Why buy new? I bought 3 Motorola Spirits a few years back new and then a couple years later found that there were loads of them for sale on e bay at a big savings.


----------



## chelseadog (Sep 14, 2004)

long term 
buy the pro motorola series in the upper freq uhf
can find on e-bay for 200.00 pair and up ( worth the money )
cp200,ht750 or older ht 1000
they are all programable
have them programed to the fsr bands
The frequencies utilized by FRS (Family Radio Service) are:

Channel Frequency 
1 462.5625 
2 462.5875 
3 462.6125 
4 462.6375 
5 462.6625 
6 462.6875 
7 462.7125 
8 467.5625 
9 467.5875 
10 467.6125 
11 467.6375 
12 467.6625 
13 467.6875 
14 467.7125 

then any one who joins into your trainning group who has one of the cheaper small radios
can jur change there radio to your freq

Mark


----------



## jeff t. (Jul 24, 2003)

chelseadog said:


> long term
> buy the pro motorola series in the upper freq uhf
> can find on e-bay for 200.00 pair and up ( worth the money )
> cp200,ht750 or older ht 1000
> ...



I can attest that Mark is "the man" re radios!

If you go with the less expensive FRS radios, my experience has been that it is best to use the same brand radio as your training partners.
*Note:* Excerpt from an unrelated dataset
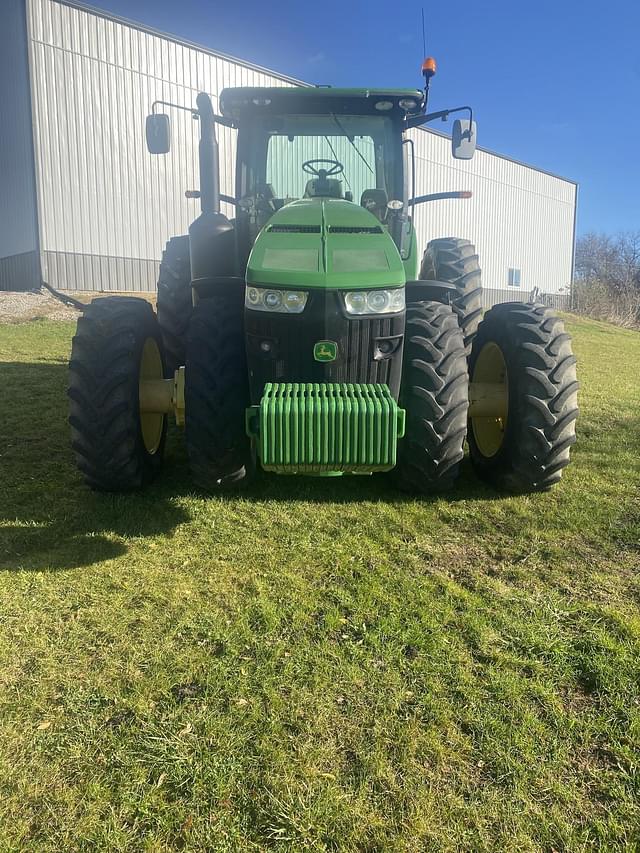 Image of John Deere 8310R equipment image 2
FRS Motorolas sometimes do not "play nice" with other brands (e.g. midland, cobra)

Jeff


----------



## Bob Gutermuth (Aug 8, 2004)

Whats the advantage of UHF vs VHF in the motorola units?


----------



## chelseadog (Sep 14, 2004)

Bob
The main advantage of UHF operation is that there is less chance of interference. One of the more common problems with wireless operation is interference between wireless systems. Since there are considerably fewer UHF wireless systems in use at present, the chances of this type of interference are reduced. (police,fire ETC use this band width) However, this problem can generally be avoided in VHF systems by properly selecting operating frequencies.

also the UHF ( ultra High Freq ) cost more to produce for the same product
keeping people who are looking at cost away from using this band width


the FCC has Given approval for the FRS (Family Radio Service) to be used with out a liscence
under a certain watt to limit distance 

with that in mind there would be no differents since you would be held to the public FRS band width 

you would just have nice clear sounding radios that could talk to the cheaper radios


Mark


----------



## Bob Gutermuth (Aug 8, 2004)

My experience with UHF is that there is less interference than with the old 39mhz radios my agency used to have. We used to use 453.300 for commo, and still got interference from Baltimore City PD 80 mi distant as the crow flies and also from Philly PD over 100 miles away(esp when there was bad weather approaching). My agency switched to 800mhz trunked raidos a couple of years back and there is no interference there presently. I only get interference on my Motorola Spirit 150mhz GMRS units when the local school us calling kids to the busses on the ones that they use.


----------



## msdaisey (May 13, 2004)

I have 6 Motorola VL50s. They are UHF, and great!!!!! Tough, clear and easy to use. They are just under $150 each, but they they are much nicer than the Talkabout types.


----------